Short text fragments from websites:
-- Opening Marker --
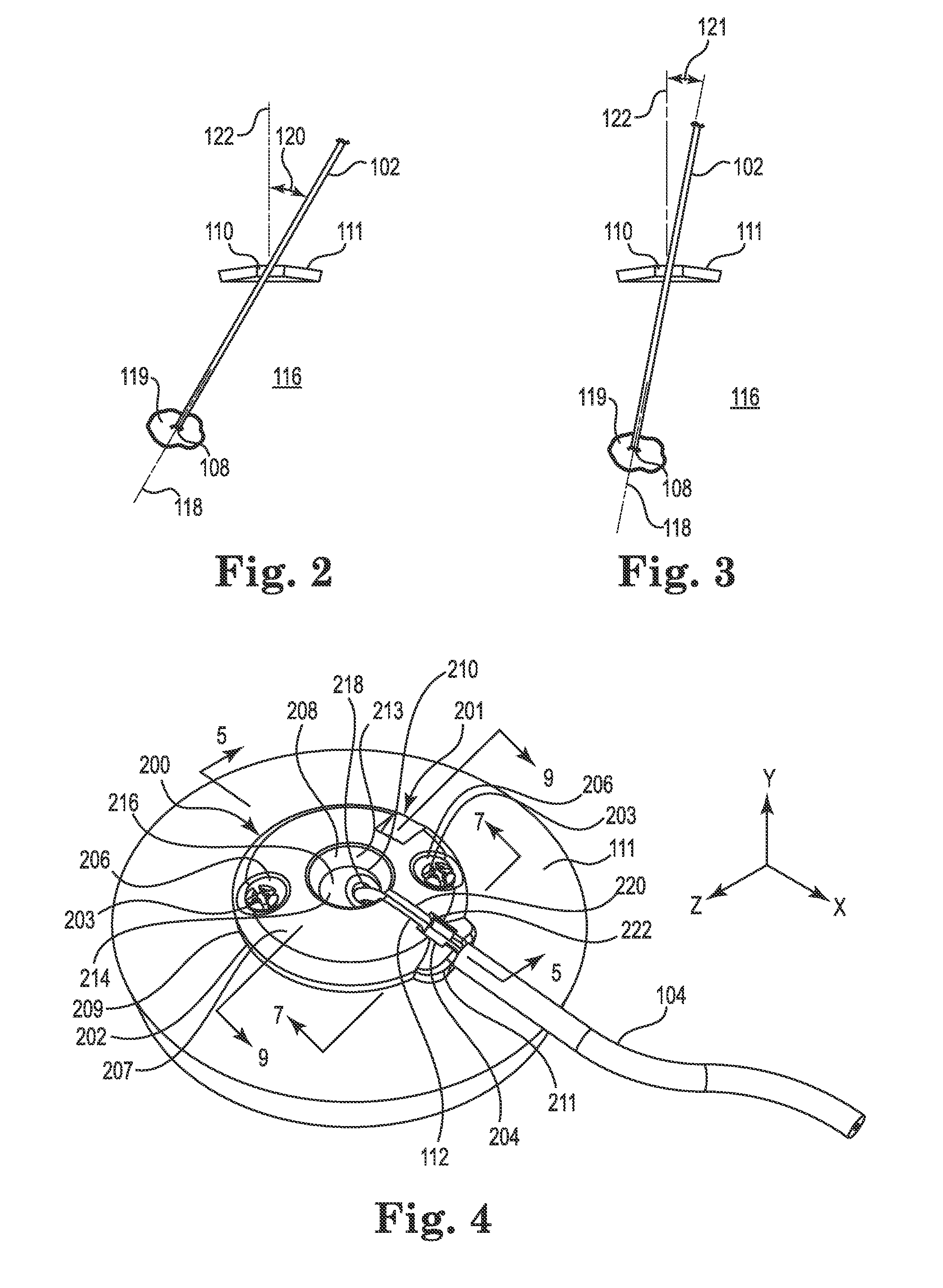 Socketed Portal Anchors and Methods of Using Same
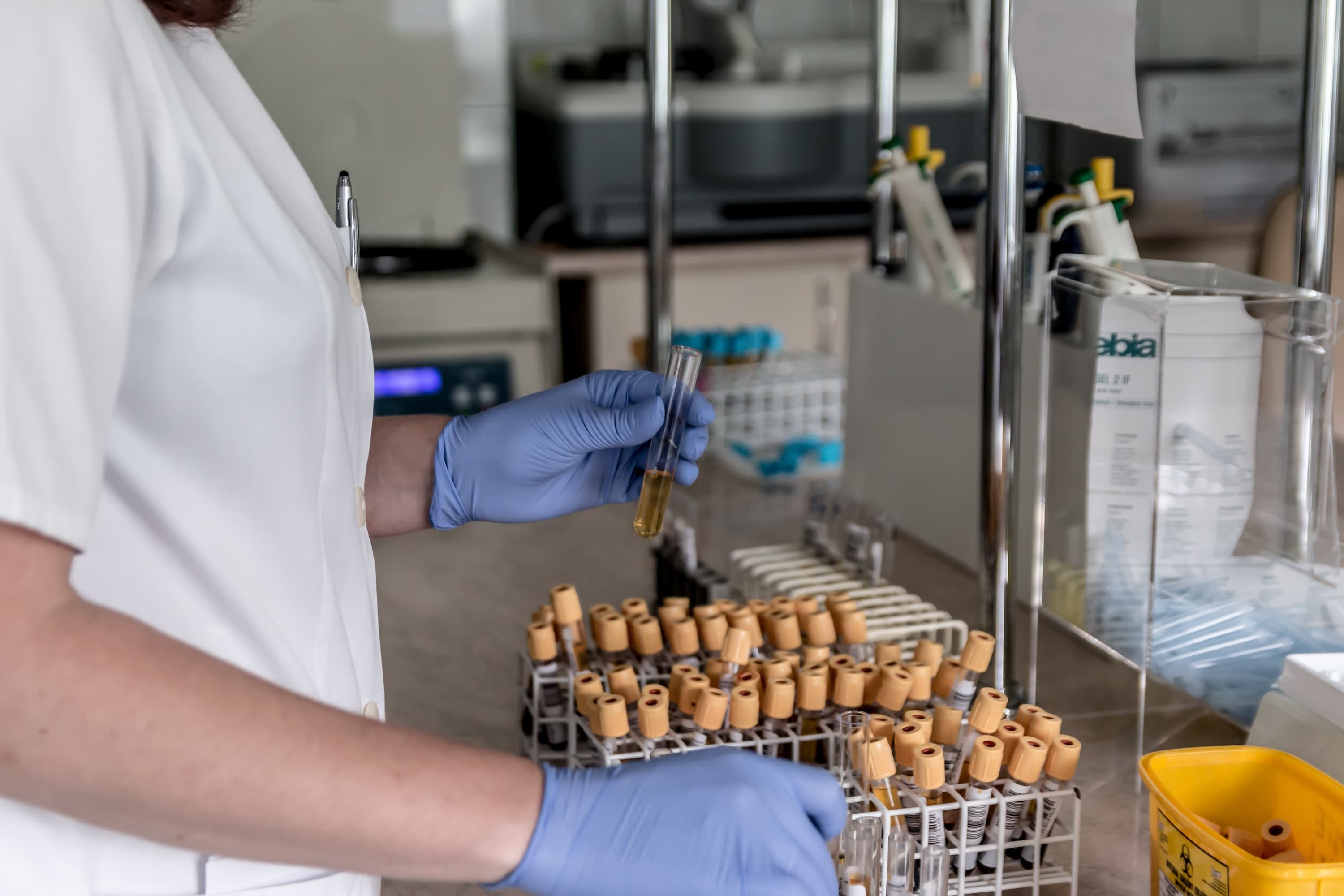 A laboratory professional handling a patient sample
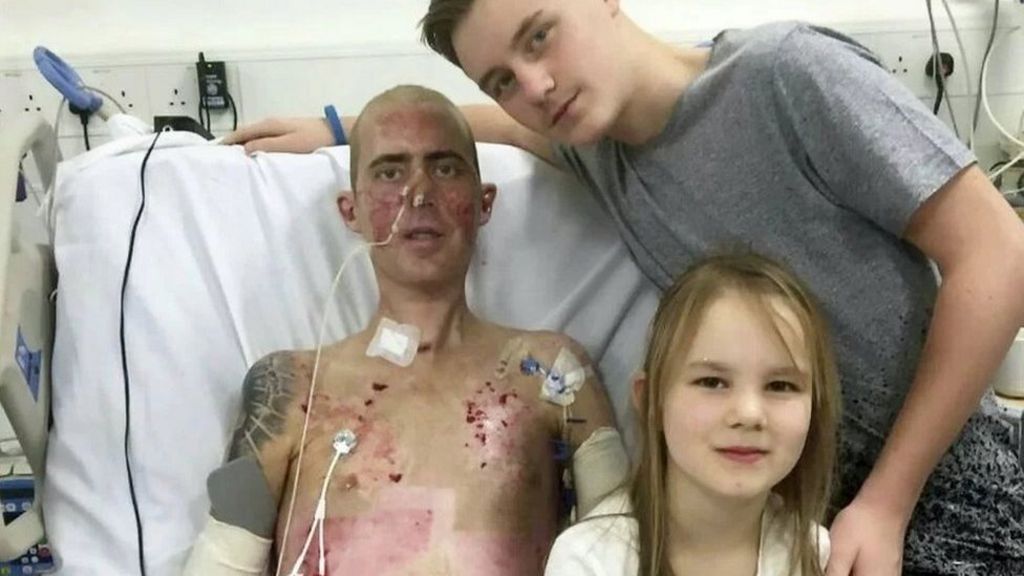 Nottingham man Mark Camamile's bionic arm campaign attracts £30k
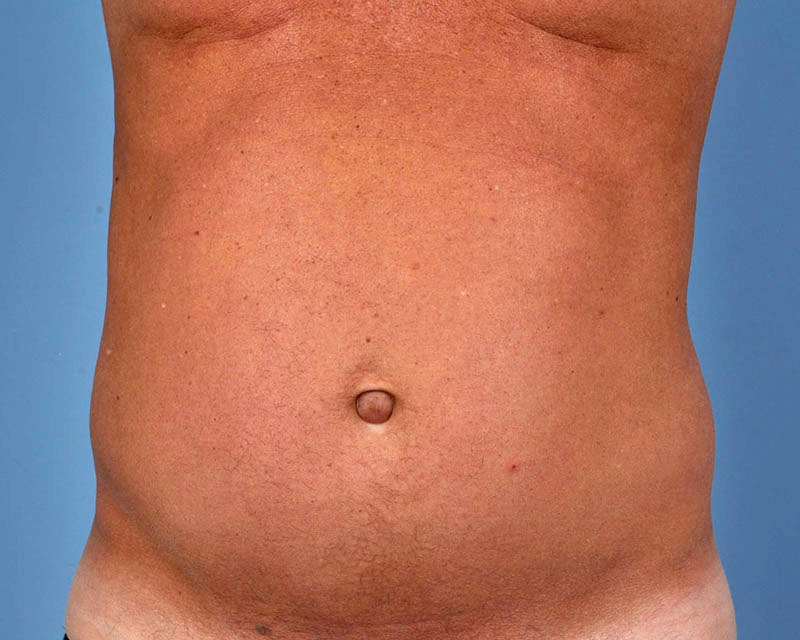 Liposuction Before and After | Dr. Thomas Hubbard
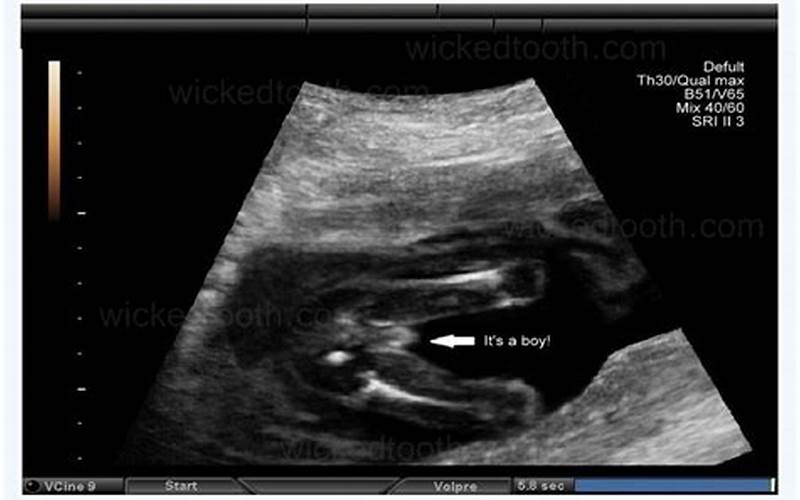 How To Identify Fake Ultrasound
-- Closing Marker --
## WORK TO BE COMPLETED
Except for the pictures, set down all of the records exactly.

## OUTPUT FOR THIS TASK
 Socketed Portal Anchors and Methods of Using Same
 A laboratory professional handling a patient sample
 Nottingham man Mark Camamile's bionic arm campaign attracts £30k
 Liposuction Before and After | Dr. Thomas Hubbard
 How To Identify Fake Ultrasound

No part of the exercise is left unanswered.